For image-level self-censorship, our results in
Table 3 showed that applying self-censorship to either model individually improved glaucoma classification performance compared to using either model individually without self-censorship. As summarized in
Table 3, the average performance of the individual standard DL and Dirichlet models degraded by 36.2%, 20.2%, 12.1%, and 11.0% on the OOD datasets, respectively, compared to their average performance on the IND UIC dataset.

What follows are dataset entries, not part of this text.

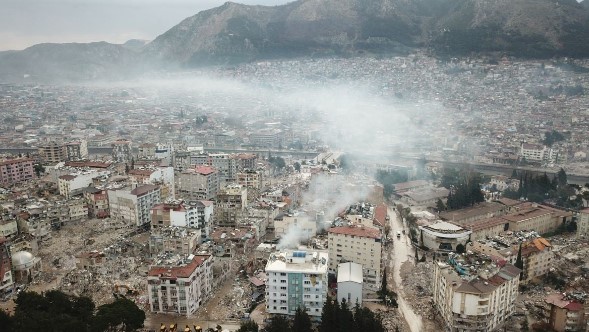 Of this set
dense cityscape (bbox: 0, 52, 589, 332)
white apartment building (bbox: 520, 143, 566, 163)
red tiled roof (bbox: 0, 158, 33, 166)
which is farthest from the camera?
white apartment building (bbox: 520, 143, 566, 163)

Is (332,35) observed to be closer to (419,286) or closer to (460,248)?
(460,248)

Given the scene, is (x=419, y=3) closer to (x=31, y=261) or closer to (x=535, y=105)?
(x=535, y=105)

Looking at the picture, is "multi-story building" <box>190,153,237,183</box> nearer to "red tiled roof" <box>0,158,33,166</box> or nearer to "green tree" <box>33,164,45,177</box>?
"green tree" <box>33,164,45,177</box>

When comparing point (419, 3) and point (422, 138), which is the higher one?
point (419, 3)

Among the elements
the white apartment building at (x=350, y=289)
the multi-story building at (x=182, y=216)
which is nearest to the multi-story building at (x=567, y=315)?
the white apartment building at (x=350, y=289)

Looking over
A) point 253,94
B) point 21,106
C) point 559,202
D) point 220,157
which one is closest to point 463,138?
point 559,202

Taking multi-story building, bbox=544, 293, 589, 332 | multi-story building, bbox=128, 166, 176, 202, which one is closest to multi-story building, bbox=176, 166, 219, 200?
multi-story building, bbox=128, 166, 176, 202

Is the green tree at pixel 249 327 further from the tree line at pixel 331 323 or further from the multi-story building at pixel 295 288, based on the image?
the multi-story building at pixel 295 288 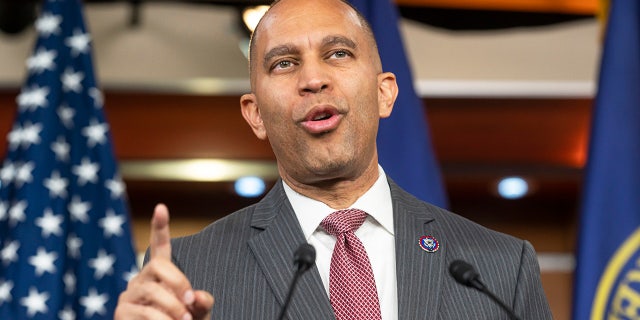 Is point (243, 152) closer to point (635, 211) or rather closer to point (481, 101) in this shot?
point (481, 101)

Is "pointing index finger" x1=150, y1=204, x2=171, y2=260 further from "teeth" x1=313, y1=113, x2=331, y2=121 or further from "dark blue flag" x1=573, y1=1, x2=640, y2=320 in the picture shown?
"dark blue flag" x1=573, y1=1, x2=640, y2=320

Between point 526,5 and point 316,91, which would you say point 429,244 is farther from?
point 526,5

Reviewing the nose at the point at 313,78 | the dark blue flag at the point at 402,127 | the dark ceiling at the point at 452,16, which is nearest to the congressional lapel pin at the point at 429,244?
the nose at the point at 313,78

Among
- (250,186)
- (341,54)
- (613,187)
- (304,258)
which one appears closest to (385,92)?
(341,54)

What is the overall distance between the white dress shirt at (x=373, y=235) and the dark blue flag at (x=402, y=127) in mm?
1231

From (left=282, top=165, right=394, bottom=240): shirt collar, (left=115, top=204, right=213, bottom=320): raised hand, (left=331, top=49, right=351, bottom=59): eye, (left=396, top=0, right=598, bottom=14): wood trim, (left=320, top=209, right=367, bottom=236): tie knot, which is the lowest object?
(left=115, top=204, right=213, bottom=320): raised hand

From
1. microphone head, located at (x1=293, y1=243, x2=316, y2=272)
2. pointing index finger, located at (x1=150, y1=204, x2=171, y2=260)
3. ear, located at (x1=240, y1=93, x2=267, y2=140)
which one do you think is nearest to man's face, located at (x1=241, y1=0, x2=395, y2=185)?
ear, located at (x1=240, y1=93, x2=267, y2=140)

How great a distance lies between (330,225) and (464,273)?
11.6 inches

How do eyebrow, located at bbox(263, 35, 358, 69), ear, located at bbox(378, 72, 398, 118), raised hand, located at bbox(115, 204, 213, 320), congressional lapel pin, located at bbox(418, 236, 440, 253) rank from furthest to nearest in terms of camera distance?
ear, located at bbox(378, 72, 398, 118) → eyebrow, located at bbox(263, 35, 358, 69) → congressional lapel pin, located at bbox(418, 236, 440, 253) → raised hand, located at bbox(115, 204, 213, 320)

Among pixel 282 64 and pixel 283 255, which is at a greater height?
pixel 282 64

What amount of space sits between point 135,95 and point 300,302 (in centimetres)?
333

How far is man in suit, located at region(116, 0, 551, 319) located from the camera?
161 cm

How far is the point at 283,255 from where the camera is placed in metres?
1.67

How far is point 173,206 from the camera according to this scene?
16.5 ft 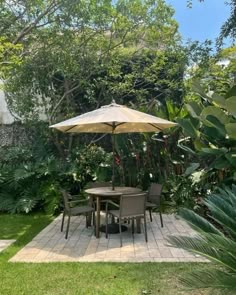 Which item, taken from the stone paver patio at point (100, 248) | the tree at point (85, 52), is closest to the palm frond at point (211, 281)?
the stone paver patio at point (100, 248)

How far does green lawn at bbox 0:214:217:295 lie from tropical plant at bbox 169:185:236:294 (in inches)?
60.2

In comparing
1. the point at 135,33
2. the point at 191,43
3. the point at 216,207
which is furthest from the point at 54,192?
the point at 216,207

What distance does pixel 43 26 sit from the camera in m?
10.5

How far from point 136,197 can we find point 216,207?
11.4 feet

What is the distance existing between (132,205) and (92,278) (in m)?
2.11

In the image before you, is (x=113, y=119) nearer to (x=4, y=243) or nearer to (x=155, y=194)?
(x=155, y=194)

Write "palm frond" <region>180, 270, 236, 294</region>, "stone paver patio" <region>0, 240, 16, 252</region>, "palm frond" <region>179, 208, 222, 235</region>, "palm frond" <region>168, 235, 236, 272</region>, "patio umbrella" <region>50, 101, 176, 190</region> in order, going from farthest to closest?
1. "patio umbrella" <region>50, 101, 176, 190</region>
2. "stone paver patio" <region>0, 240, 16, 252</region>
3. "palm frond" <region>179, 208, 222, 235</region>
4. "palm frond" <region>168, 235, 236, 272</region>
5. "palm frond" <region>180, 270, 236, 294</region>

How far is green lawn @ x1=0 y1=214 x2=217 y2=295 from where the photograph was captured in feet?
14.9

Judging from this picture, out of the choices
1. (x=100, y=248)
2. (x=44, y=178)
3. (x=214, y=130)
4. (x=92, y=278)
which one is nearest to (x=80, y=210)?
(x=100, y=248)

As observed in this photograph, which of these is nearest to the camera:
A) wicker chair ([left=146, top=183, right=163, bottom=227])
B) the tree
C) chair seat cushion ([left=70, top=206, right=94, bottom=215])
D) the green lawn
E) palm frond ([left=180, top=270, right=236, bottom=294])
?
palm frond ([left=180, top=270, right=236, bottom=294])

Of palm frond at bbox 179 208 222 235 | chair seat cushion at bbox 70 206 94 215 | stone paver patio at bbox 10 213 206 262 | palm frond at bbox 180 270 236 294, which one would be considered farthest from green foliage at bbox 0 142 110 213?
palm frond at bbox 180 270 236 294

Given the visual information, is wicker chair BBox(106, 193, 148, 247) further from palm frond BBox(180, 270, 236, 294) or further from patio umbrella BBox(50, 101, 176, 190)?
palm frond BBox(180, 270, 236, 294)

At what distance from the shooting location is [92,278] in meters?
4.94

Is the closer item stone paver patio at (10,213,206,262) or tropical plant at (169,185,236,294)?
tropical plant at (169,185,236,294) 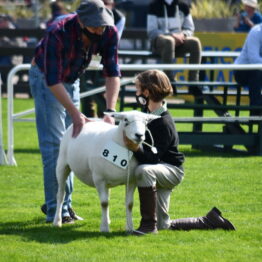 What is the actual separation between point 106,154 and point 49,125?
0.87m

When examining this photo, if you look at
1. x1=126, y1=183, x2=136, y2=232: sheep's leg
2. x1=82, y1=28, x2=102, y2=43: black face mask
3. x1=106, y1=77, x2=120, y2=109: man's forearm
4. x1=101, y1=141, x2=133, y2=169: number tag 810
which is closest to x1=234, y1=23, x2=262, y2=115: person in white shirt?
x1=106, y1=77, x2=120, y2=109: man's forearm

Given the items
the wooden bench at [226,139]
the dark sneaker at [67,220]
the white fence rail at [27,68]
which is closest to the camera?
the dark sneaker at [67,220]

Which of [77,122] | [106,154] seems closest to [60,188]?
[77,122]

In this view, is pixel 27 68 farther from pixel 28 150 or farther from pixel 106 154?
pixel 106 154

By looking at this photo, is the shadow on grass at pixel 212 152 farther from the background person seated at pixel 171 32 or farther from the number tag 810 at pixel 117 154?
the number tag 810 at pixel 117 154

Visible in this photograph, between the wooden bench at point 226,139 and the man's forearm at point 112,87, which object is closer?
the man's forearm at point 112,87

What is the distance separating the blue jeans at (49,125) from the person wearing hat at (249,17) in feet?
30.0

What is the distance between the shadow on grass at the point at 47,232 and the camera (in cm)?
683

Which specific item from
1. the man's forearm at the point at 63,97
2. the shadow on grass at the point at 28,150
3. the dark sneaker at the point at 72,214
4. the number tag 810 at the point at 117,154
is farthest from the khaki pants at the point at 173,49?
the number tag 810 at the point at 117,154

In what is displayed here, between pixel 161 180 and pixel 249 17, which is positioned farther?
pixel 249 17

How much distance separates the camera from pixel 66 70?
23.5 ft

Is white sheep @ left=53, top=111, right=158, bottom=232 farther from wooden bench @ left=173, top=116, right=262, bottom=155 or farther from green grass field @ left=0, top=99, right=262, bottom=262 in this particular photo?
wooden bench @ left=173, top=116, right=262, bottom=155

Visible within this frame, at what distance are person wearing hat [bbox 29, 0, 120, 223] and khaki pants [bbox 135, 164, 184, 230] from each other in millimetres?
624

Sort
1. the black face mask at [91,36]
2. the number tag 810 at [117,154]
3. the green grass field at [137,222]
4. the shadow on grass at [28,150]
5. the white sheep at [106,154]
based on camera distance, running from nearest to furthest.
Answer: the green grass field at [137,222] → the white sheep at [106,154] → the number tag 810 at [117,154] → the black face mask at [91,36] → the shadow on grass at [28,150] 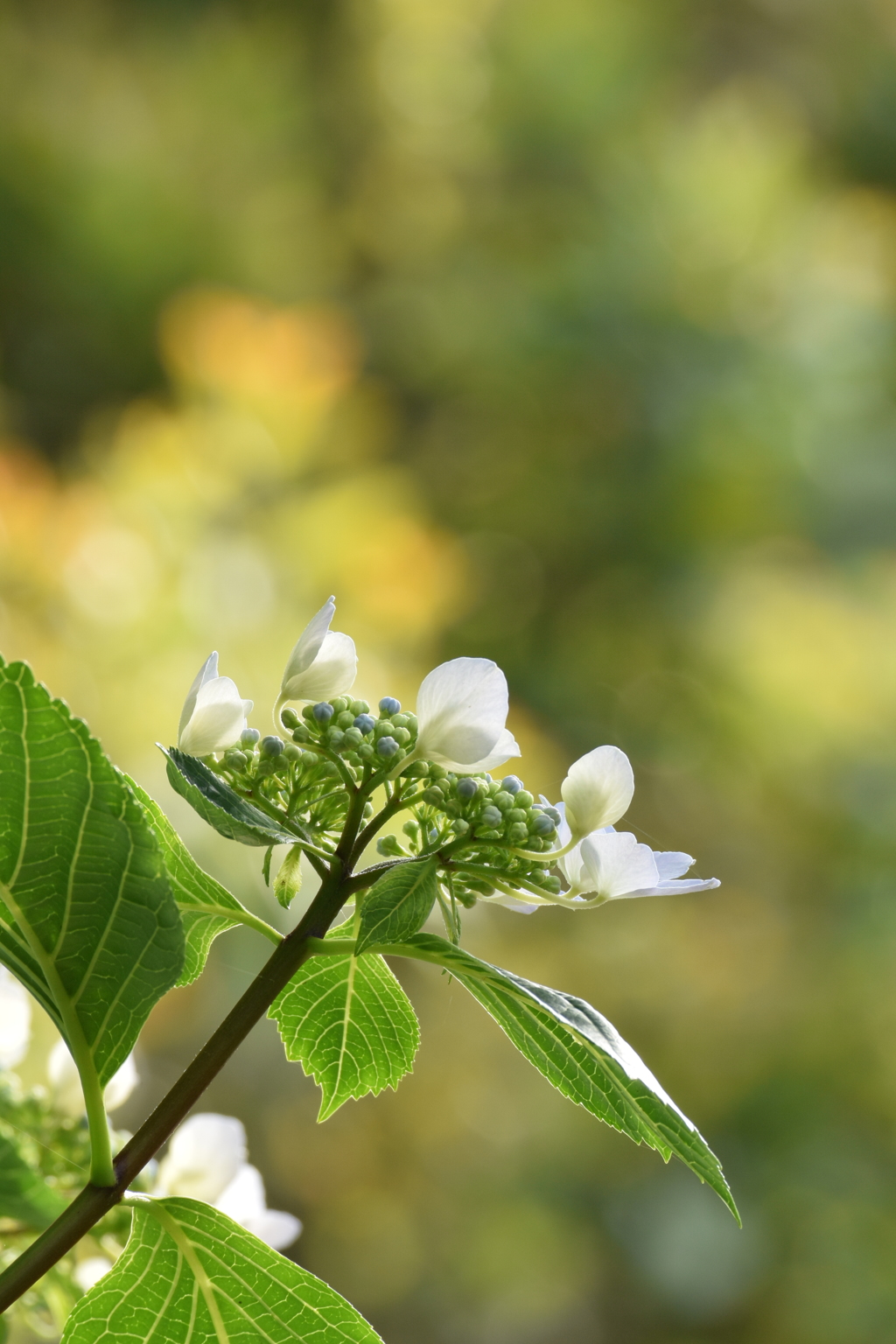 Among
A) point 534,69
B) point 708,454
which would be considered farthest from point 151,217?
point 708,454

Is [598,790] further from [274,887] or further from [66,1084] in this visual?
[66,1084]

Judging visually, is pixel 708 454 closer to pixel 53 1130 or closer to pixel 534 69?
pixel 534 69

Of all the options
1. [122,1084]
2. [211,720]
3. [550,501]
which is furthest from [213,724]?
[550,501]

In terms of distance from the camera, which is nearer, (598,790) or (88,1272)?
(598,790)

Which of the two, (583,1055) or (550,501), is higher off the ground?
(550,501)

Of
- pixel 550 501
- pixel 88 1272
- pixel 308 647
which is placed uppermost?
pixel 550 501

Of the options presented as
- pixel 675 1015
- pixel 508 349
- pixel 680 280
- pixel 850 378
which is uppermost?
pixel 850 378

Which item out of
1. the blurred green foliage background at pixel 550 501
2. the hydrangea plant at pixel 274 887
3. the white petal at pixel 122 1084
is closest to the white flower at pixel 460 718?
the hydrangea plant at pixel 274 887

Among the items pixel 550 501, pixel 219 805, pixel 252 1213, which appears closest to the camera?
pixel 219 805

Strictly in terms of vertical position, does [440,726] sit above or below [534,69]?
below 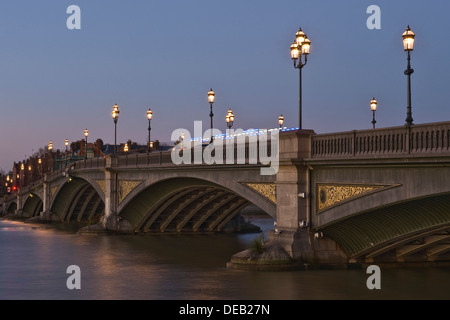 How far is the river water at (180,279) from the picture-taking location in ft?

Notably, applying selective self-censorship to improved accuracy by 10.13% on UIC, 9.58% on RIMONE-DL, 21.25% on O-RIGA, 27.23% on REFUGE, and 14.92% on LAG datasets, averaged across the individual models without self-censorship. This improvement, however, came at the cost of censoring 15%, 37%, 20%, 34%, and 22% of data from the IND UIC and OOD RIMONE-DL, O-RIGA, REFUGE, and LAG datasets, respectively, with the highest censorship on RIMONE-DL, likely due to its ONH-cropped images differing from the full-view UIC fundus images used in training, shown in
Table 1. Exclusively on the attained uncensored data selected by the ensemble + self-censorship model,
Table 4 compares the performance of the proposed image-level self-censorship against baselines. On this subset of data, our self-censorship model achieves 0.0%, 6.8%, 13.7%, 9.7%, and 3.3% higher accuracy than the averaged accuracy of the standard DL and Dirichlet baselines across the internal UIC, and external RIMONE-DL, O-RIGA, REFUGE, and LAG datasets, respectively. Additionally, even individual baseline models benefit from self-censorship, with their accuracies increasing by 5.6%, 2.3%, 3.4%, 10.5%, and 7.6% on these datasets, after uncertain cases are removed. Thus, the image-level self-censorship approach balances improved glaucoma classification accuracy with the percentage of retained data.